[DATASET SECTION]

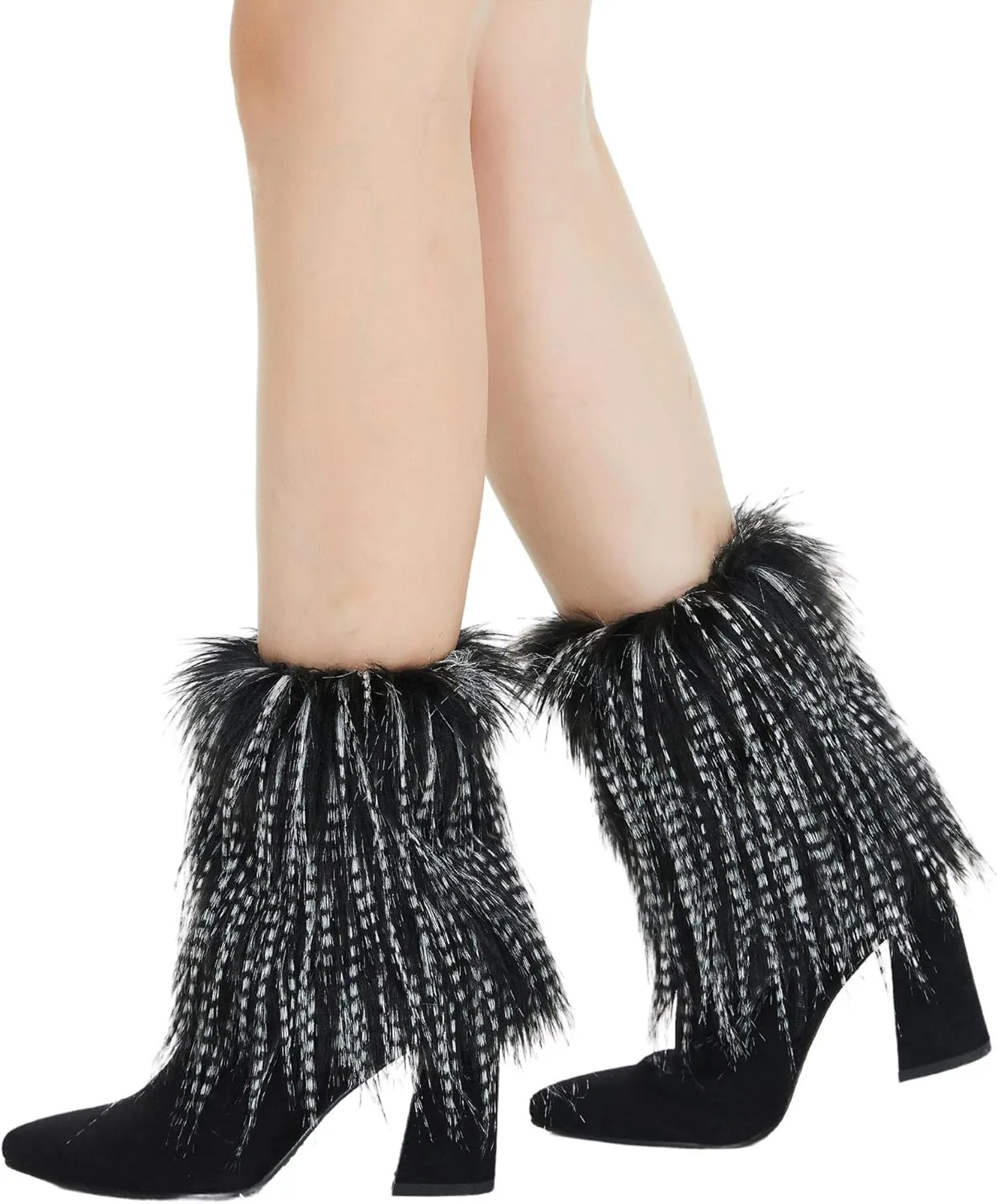 Faux Fur Leg Warmers - Womens Winter Warm Fur Boot Cuffs Covers, Cozy, Christmas, Halloween, Unicorn, Hippie Costume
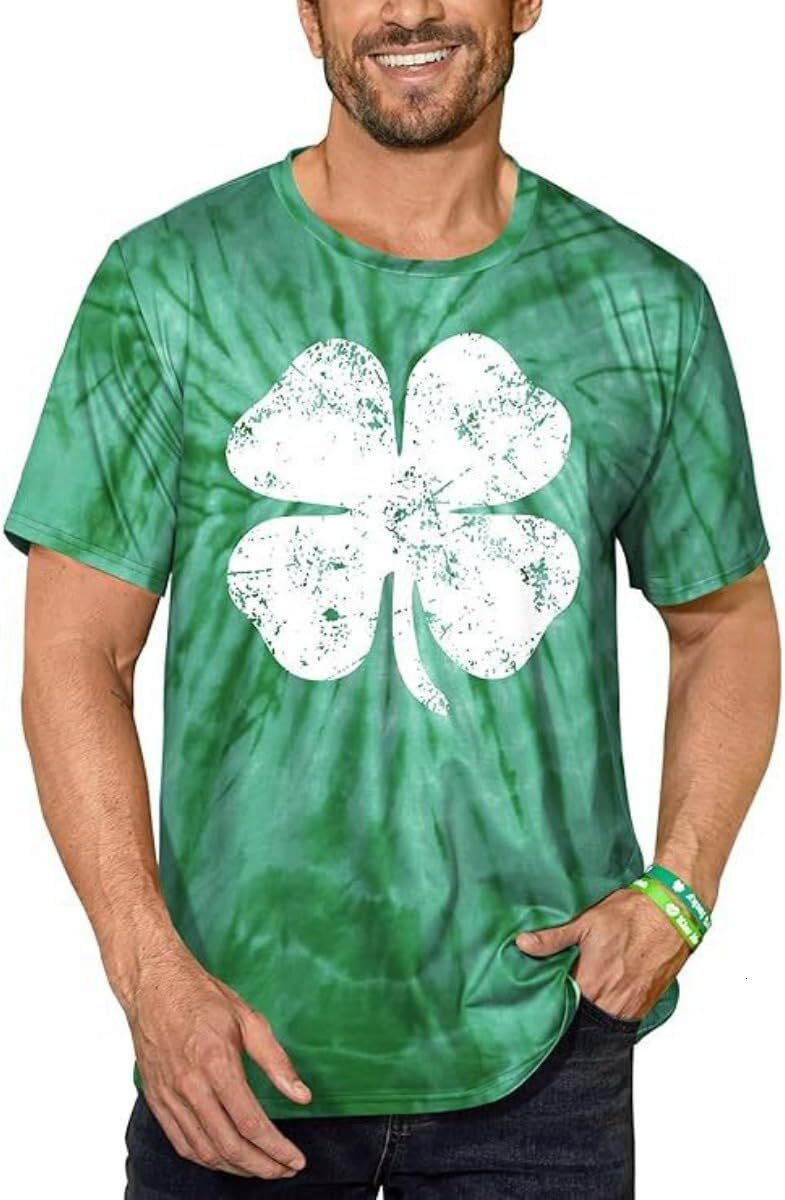 Mens T shirt Shirt 3D Print Novelty Green Clover T-Shirt Fashion Short Sleeve Tee for Men and Women Graphic Crew Neck. tee Casual tops summer clothes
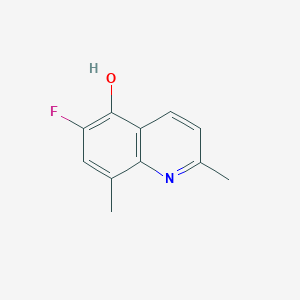 molecular formula C11H10FNO B11903266 6-Fluoro-2,8-dimethylquinolin-5-ol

[/DATASET SECTION]

== EXERCISE AIM ==
Omitting all pictures, give the preceding listing again exactly.

== REPLY ==
 Faux Fur Leg Warmers - Womens Winter Warm Fur Boot Cuffs Covers, Cozy, Christmas, Halloween, Unicorn, Hippie Costume
 Mens T shirt Shirt 3D Print Novelty Green Clover T-Shirt Fashion Short Sleeve Tee for Men and Women Graphic Crew Neck. tee Casual tops summer clothes
 molecular formula C11H10FNO B11903266 6-Fluoro-2,8-dimethylquinolin-5-ol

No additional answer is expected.